**Given entries**
•••••
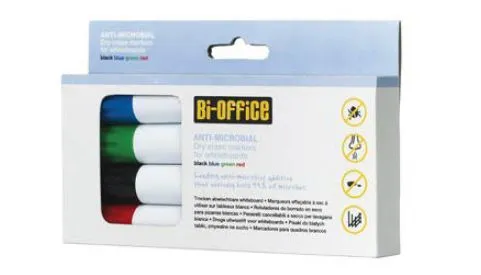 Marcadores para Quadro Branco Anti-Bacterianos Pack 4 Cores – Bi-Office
•••••
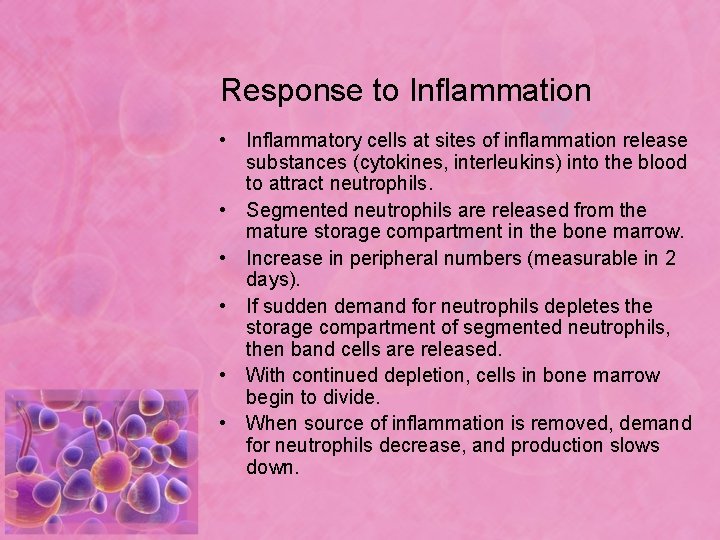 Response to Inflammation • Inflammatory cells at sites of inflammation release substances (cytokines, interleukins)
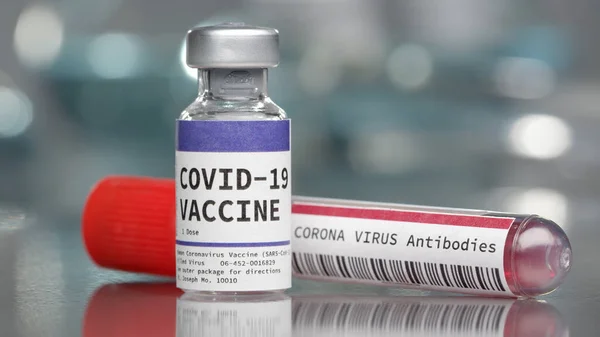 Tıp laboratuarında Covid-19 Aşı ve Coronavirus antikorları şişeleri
•••••
**Exercise goal**
In the listing above, find the line with "Response to Inflammation" and output every line through the one with "Tıp laboratuarında Covid-19", exactly, without the pictures.

**Task response**
 Response to Inflammation • Inflammatory cells at sites of inflammation release substances (cytokines, interleukins)
 Tıp laboratuarında Covid-19 Aşı ve Coronavirus antikorları şişeleri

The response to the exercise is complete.